**Materials provided**
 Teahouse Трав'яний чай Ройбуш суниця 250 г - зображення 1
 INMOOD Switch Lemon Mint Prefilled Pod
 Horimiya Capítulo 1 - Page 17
* * *
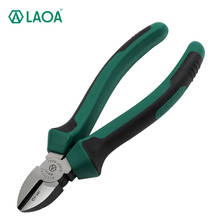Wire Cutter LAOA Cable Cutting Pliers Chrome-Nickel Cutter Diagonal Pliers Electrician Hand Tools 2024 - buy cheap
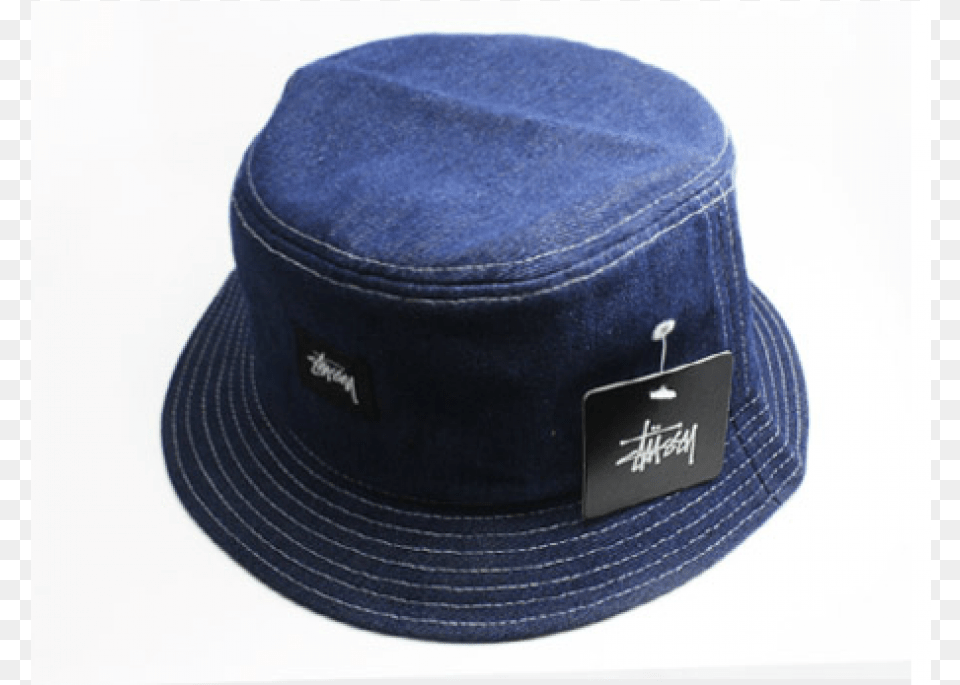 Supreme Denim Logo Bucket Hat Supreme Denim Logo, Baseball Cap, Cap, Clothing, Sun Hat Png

**Work instruction**
Taking the material above, extract exactly and only the lines from the line with "INMOOD Switch Lemon Mint Prefilled Pod" to the line with "Horimiya Capítulo 1 - Page 17", inclusive of both.

**Result for this exercise**
 INMOOD Switch Lemon Mint Prefilled Pod
 Horimiya Capítulo 1 - Page 17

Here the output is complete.